Huawei’s comeback: 2023 revenue approaches $100B with smart devices gaining ground

Huawei  expects to report revenue exceeding 700 billion yuan ($98.5 billion) for 2023, according to comments from rotating deputy chairman Ken Hu in an internal new year message seen by Reuters.

Mr. Hu Houkun (Ken Hu), Huawei’s deputy chairman                              Photo Credit: Huawei

That optimistic forecast offers further evidence that Huawei is rebounding after U.S. sanctions starting in 2019 crippled some of its business lines by restricting access to critical global technologies such as advanced chips.

“Thanks to our partners across the value chain for standing with us through thick and thin. And I’d also like to thank every member of the Huawei team for embracing the struggle – for never giving up,” Hu said.

“After years of hard work, we’ve managed to weather the storm. And now we’re pretty much back on track.”

“In 2023, we expect to wrap up the year with over 700 billion yuan [US$98.9 billion] in revenue,” he added.   That would be a 9% increase on sales from 2022, when the comparable rate of global telecom revenue growth was less than 1%.

Indeed, 2023 has been a very difficult year for telecom network equipment makers such as Ericsson and Nokia.  Ericsson’s revenues for the first nine months fell 7% on a constant-currency basis. Nokia’s were down 3%.


What sectors might be responsible for the 9% sales growth Huawei expects this year? From the first paragraph of Ken Hu’s commentary.

“Our ICT infrastructure business has remained solid, and results from our device business surpassed expectations.

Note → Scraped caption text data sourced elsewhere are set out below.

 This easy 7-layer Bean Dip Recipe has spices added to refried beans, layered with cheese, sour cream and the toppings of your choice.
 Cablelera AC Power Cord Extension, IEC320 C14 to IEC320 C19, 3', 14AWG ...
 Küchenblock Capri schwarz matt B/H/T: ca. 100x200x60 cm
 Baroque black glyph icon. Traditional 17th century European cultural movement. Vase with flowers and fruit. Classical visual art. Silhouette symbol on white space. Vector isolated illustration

Both our digital power and cloud businesses are growing steadily, and our intelligent automotive solutions have become significantly more competitive.”

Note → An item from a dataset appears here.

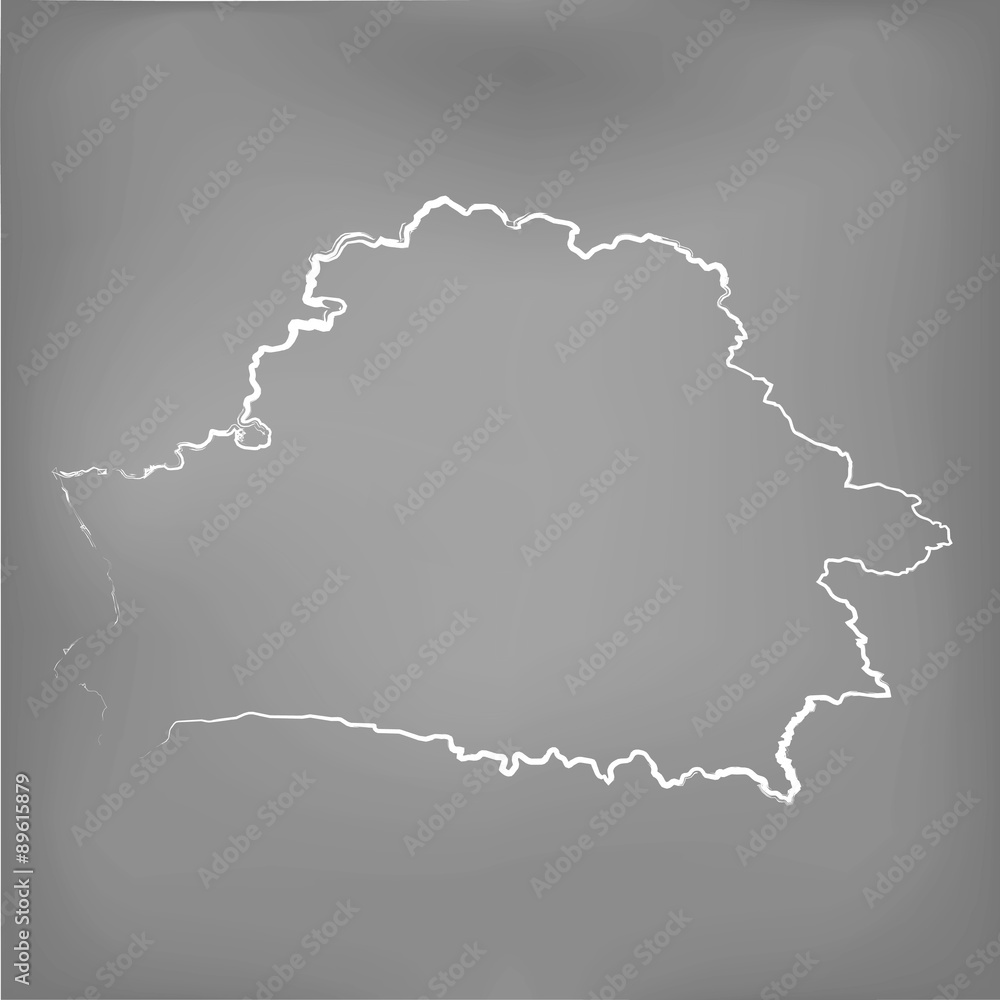 Chalked map on a chalk board of Belarus Chalked map on a chalk board of Belarus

Huawei’s improvement might be due to the upbeat performance of its devices business which includes smartphones and smartwatches. In 2020, the company’s consumer unit accounted for about 54% of all Huawei’s revenues, but its sales halved the following year. It was badly hurt by sanctions because smartphones have a greater need than networks do for advanced chips. Huawei was also cut off from Google software that runs on other Android smartphones. Its response to all this included the sale of Honor, a big smartphone subsidiary.

This past August, Huawei launched its Mate 60 series of smartphones, which are believed to be powered by a domestically developed chipset. The release was widely viewed as marking Huawei’s comeback into the high-end smartphone market after years of struggling under U.S. sanctions.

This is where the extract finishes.